**PROBLEM**
Every line from the opening of the records to the line with "Edible Crab. Menai" should be restated exactly, with both ends included and the pictures left out.

[Brief descriptive captions]
━━━━
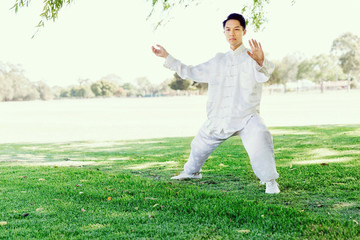 Handsome man practicing thai chi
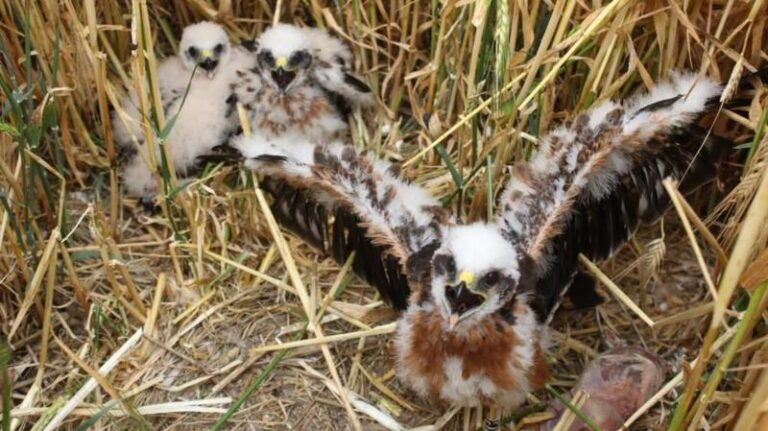 UK's rarest bird of prey rears new chicks in secret location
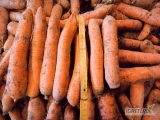 Sprzedam marchew świeżo kopana kaliber 2-4 worek 10 -15 kg lub big bag, luz. ilości paletowe cena do uzgodnienia tel. 788-904-812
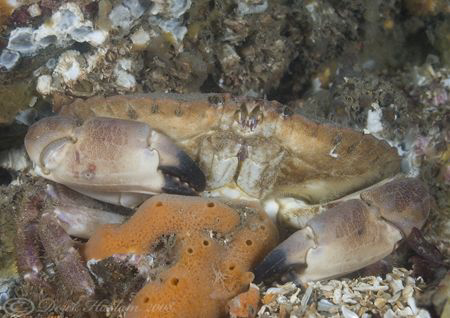 Edible Crab. Menai straits. D200, 60mm. by Derek Haslam 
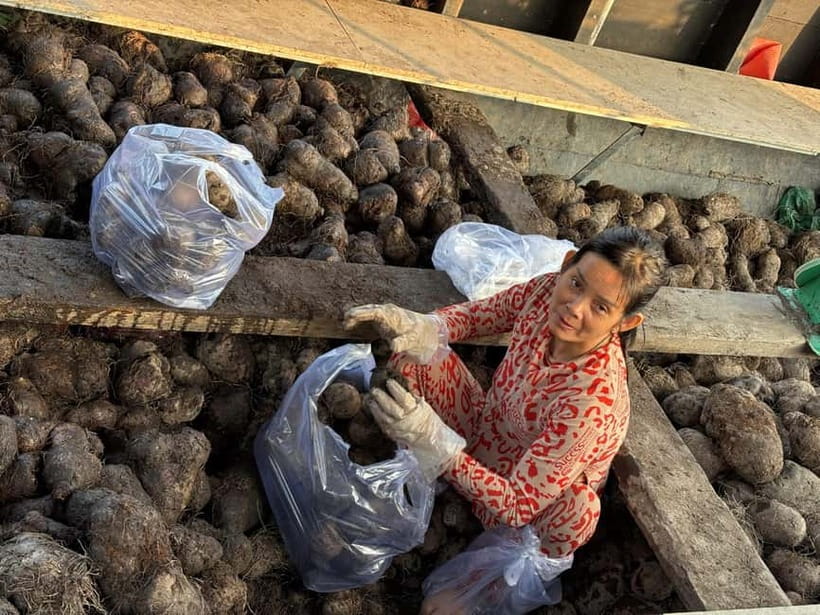 Can Tho: Floating Market, Cacao & Canals with French Guide - Mr. Cacao’s Organic Farm, Cacao Milk and Wine Tasting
━━━━
**WRITTEN SOLUTION**
 Handsome man practicing thai chi
 UK's rarest bird of prey rears new chicks in secret location
 Sprzedam marchew świeżo kopana kaliber 2-4 worek 10 -15 kg lub big bag, luz. ilości paletowe cena do uzgodnienia tel. 788-904-812
 Edible Crab. Menai straits. D200, 60mm. by Derek Haslam 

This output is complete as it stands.